### PROBLEM REQUIREMENTS
Please repeat the listing below exactly, but do not include its pictures.

++++++++++

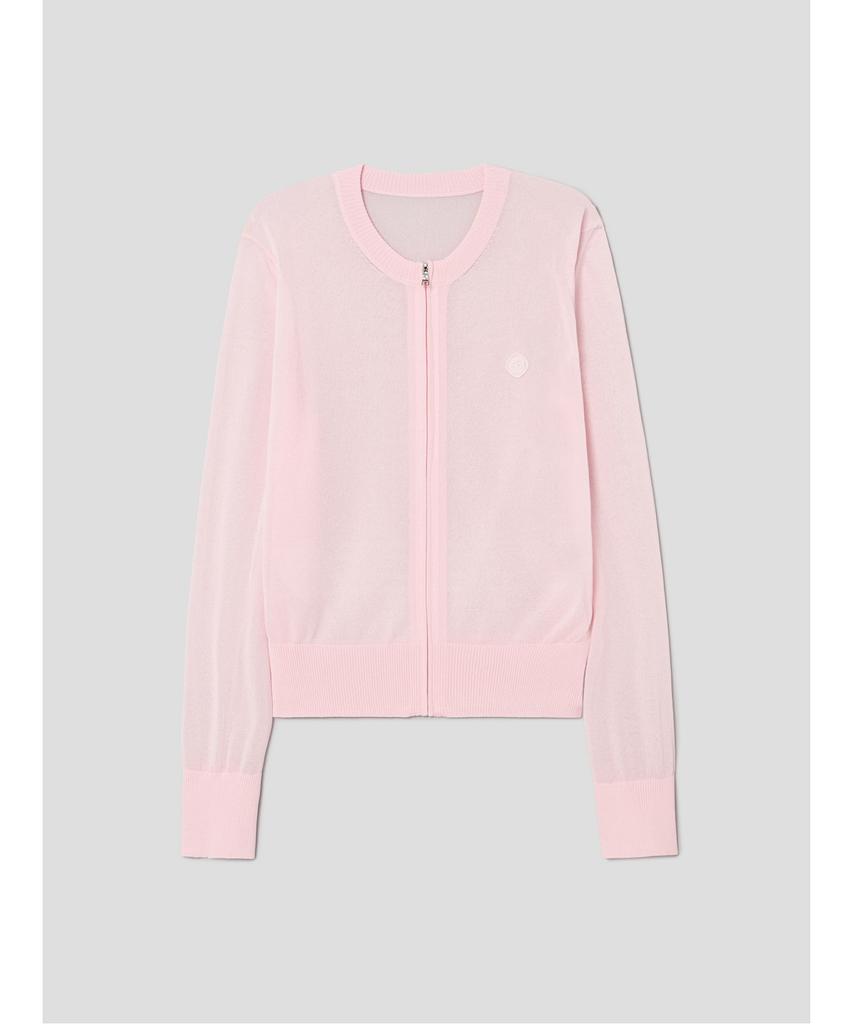 BEANPOLE GOLF Women'S Sheer Full-Zip Cardigan - Light Pink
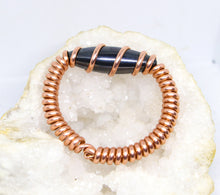 Load image into Gallery viewer, Copper | Hematite | Coil Cuff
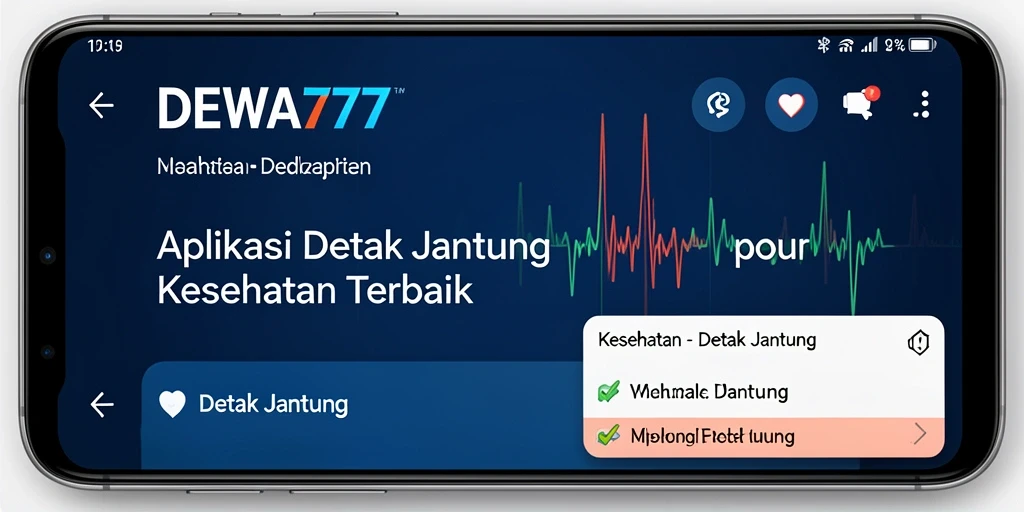 Antarmuka pengguna DEWA777 yang informatif untuk memantau detak jantung.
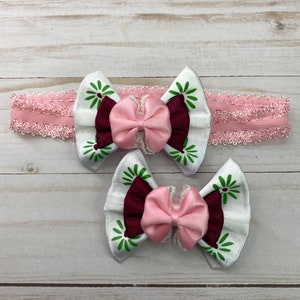 3 The Haunted Mansion / Sally Slater Tightrope Walker Hair Bow for Toddler / Baby image 1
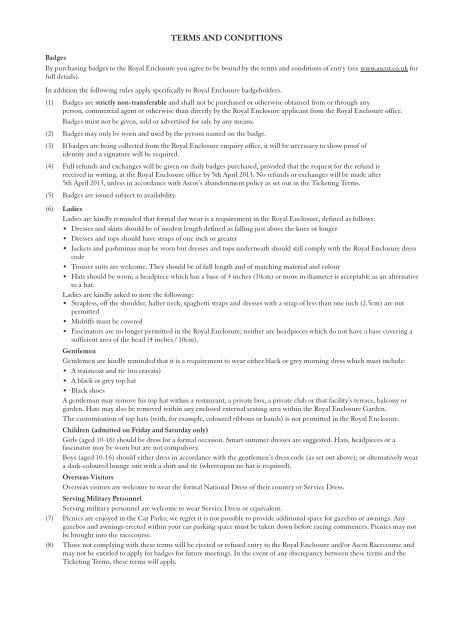 TERMS AND CONDITIONSBadg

++++++++++

### EXERCISE RESPONSE
 BEANPOLE GOLF Women'S Sheer Full-Zip Cardigan - Light Pink
 Load image into Gallery viewer, Copper | Hematite | Coil Cuff
 Antarmuka pengguna DEWA777 yang informatif untuk memantau detak jantung.
 3 The Haunted Mansion / Sally Slater Tightrope Walker Hair Bow for Toddler / Baby image 1
 TERMS AND CONDITIONSBadg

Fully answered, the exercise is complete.